The technique of RT-PCR was performed the next day using 3 ng of total RNA from the D2SC/1 dendritic cells. RT was performed as shown in Table 1. The reaction was carried out, resulting in a final volume of 30 μl containing 0.4 mM of each dNTP and 150 ng pd(N)₆ (all from Pharmacia, Freiburg, Germany), 200 U Moloney murine leukemia virus reverse transcriptase, 1 mM DTT (both from Invitrogen, Carlsbad, CA), 50 mM Tris-HCl (pH 8.3), 5 mM MgCl₂, and 62.5 mM KCl and 40 U RNase-OUT (from Invitrogen). The use of RNase-OUT RNasin reduces the activity of ribonuclease (RNase) A-type enzymes in a variety of organisms. Samples were then stored at −40°C (−20°C can also be used). Table 1 shows the composition of each mixture.

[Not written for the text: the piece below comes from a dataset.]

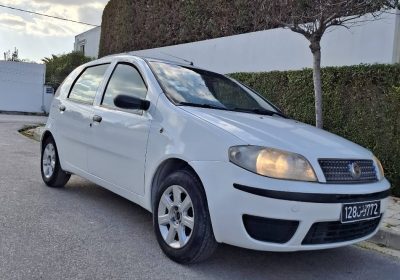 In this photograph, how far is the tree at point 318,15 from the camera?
6.81 meters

The following day a total of 1 μl of the resulting cDNA (adjusted to a concentration of 50 ng/ml input RNA) was then amplified by PCR in a 50-μl reaction mixture containing 0.2 mM of each dNTP, 1 mM DTT, 200 nM of each primer, 0.6 U Taq polymerase (HT Biotechnology, Cambridge, United Kingdom), 10 mM Tris-HCl (pH 9.0), 1.5 mM MgCl₂, 50 mM KCl, 0.01% (wt/vol) gelatin, and 0.1% Triton X-100. PCR amplification was performed in a DNA thermal cycler (Perkin Elmer-Cetus, Norwalk, CT) for 35 cycles after an initial denaturation step for 5 min at 95°C with the following parameters: 20 s at 95°C (denaturation), 20 s at 56°C (annealing), and 30 s at 72°C (extension), and a final extension of 10 min at 72°C. “No template” sample consisted of molecular biology grade water instead of RNA, and the “minus reverse transcriptase” sample contained 1 μl of cDNA from unstimulated cells where used as controls (see below). Table 2 is a brief guide on how to carry out the PCR.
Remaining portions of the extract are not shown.